Louisiana Museum of Modern Art in Denmark
The scenography that we designed for this exhibition focuses on the concept of reflexivity. The content of the exhibition, curated by the museum, focuses on six African cities, Lagos, Kinshasa, Maputo, Dakar, Johannesburg and Nairobi. In the context of a renewed interest in exhibitions on African architecture in Europe it is worth asking whether a bidirectional relationship of learning and entertainment is fostered in such displays. African scholars such as Chinua Achebe have argued that there has been a long relationship between Africa and Europe, where Africa has been a mirror for European self-definition.
In designing the scenography, the attempt was to make a space that bends back on itself; a space that confronts the viewer with his or her own gaze. In this exhibition, each city is contained in an interleading “cell”. By shaping a voided cell for each city, a scalloped solid form is left as residue. This form aims to subvert predetermined relationships between viewer and subject by inserting a void into the solid form which sets up confrontations with the other and the self.

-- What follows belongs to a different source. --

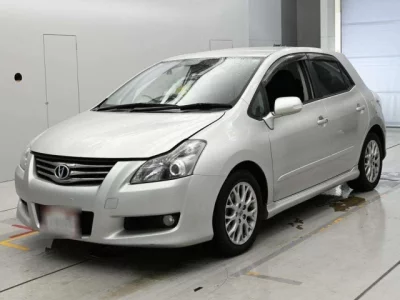 Toyota BLADE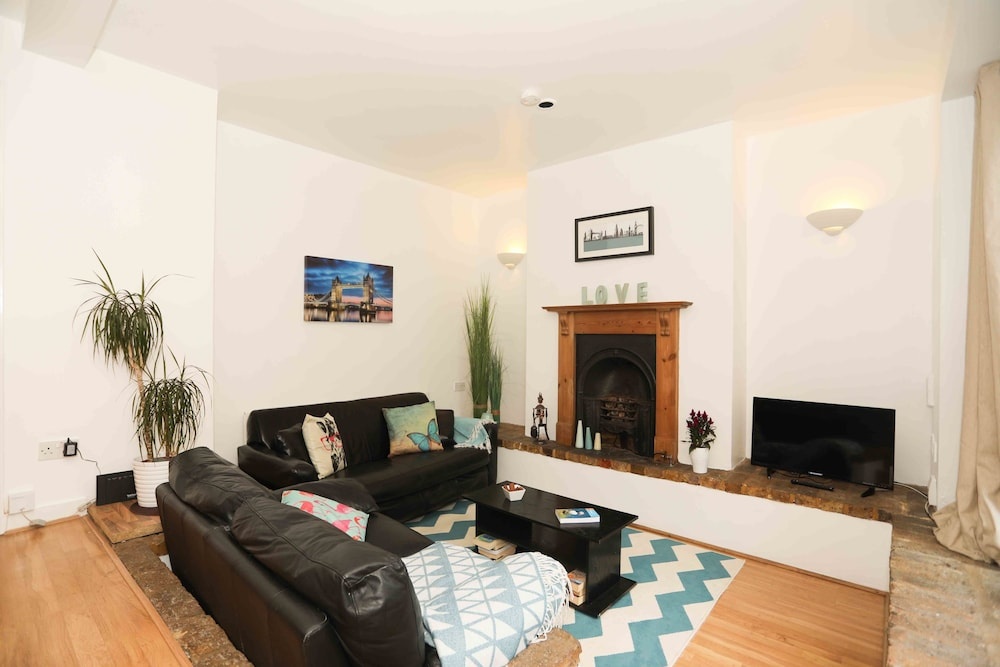 Wonderful Flat in Chiswick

The central void has an entrance which is articulated as a display box. In the entrance and on the balcony, the viewer is on display as much as the content of the exhibition is. In short, we gave the walls eyes. The balcony is in the wall facing the entrance into the gallery. The exhibition wall and balcony sets up an ambiguity; on the one hand it is a display surface, on the other hand it contains a gaze. People on the balcony will be looking at people who have just entered and see themselves reflected in a golden mirror wall facing them. The relationship between subject and object is inverted. This construct of reciprocal gazes is important in reflecting on the potential for an ‘us and them’reading of the African cities on display. The scenography creates a reflexive construct between content, others and the self.